§ **What needs to be done**
Below are entries. Reproduce exactly the lines between the line holding "BYLT Everyday Pant" and the line holding "Кухонная мойка Omoikiri", inclusive, and only those.

§ **Data for processing**
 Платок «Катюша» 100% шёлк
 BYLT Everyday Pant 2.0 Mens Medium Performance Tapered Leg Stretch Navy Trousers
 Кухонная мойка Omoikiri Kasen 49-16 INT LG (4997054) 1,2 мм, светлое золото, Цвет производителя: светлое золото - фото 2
---
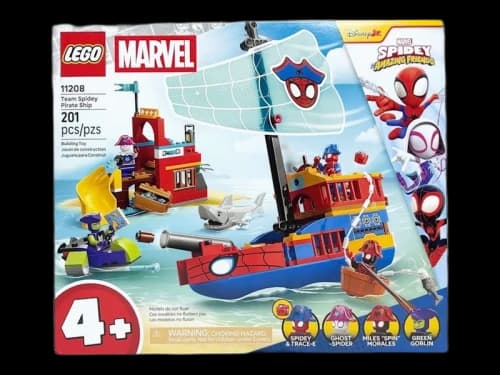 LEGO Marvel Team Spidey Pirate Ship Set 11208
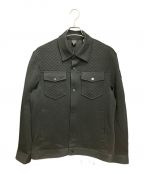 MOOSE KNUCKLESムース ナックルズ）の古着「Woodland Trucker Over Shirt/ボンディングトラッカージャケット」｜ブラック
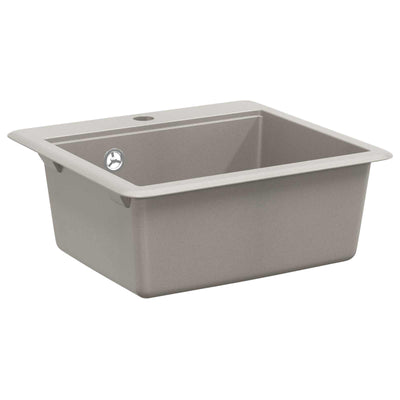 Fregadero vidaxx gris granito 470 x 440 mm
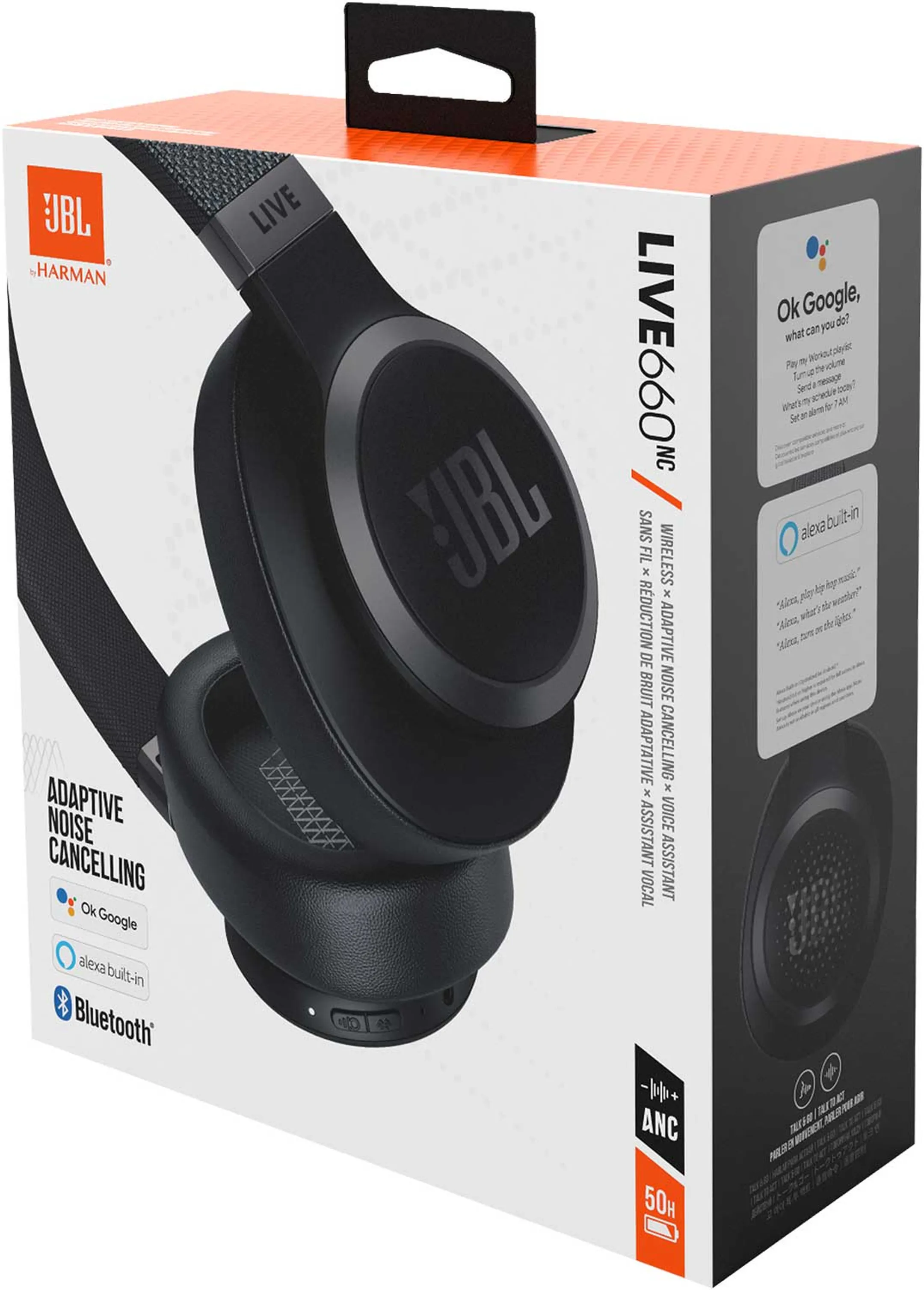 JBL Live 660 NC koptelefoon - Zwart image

§ **Written reply**
 BYLT Everyday Pant 2.0 Mens Medium Performance Tapered Leg Stretch Navy Trousers
 Кухонная мойка Omoikiri Kasen 49-16 INT LG (4997054) 1,2 мм, светлое золото, Цвет производителя: светлое золото - фото 2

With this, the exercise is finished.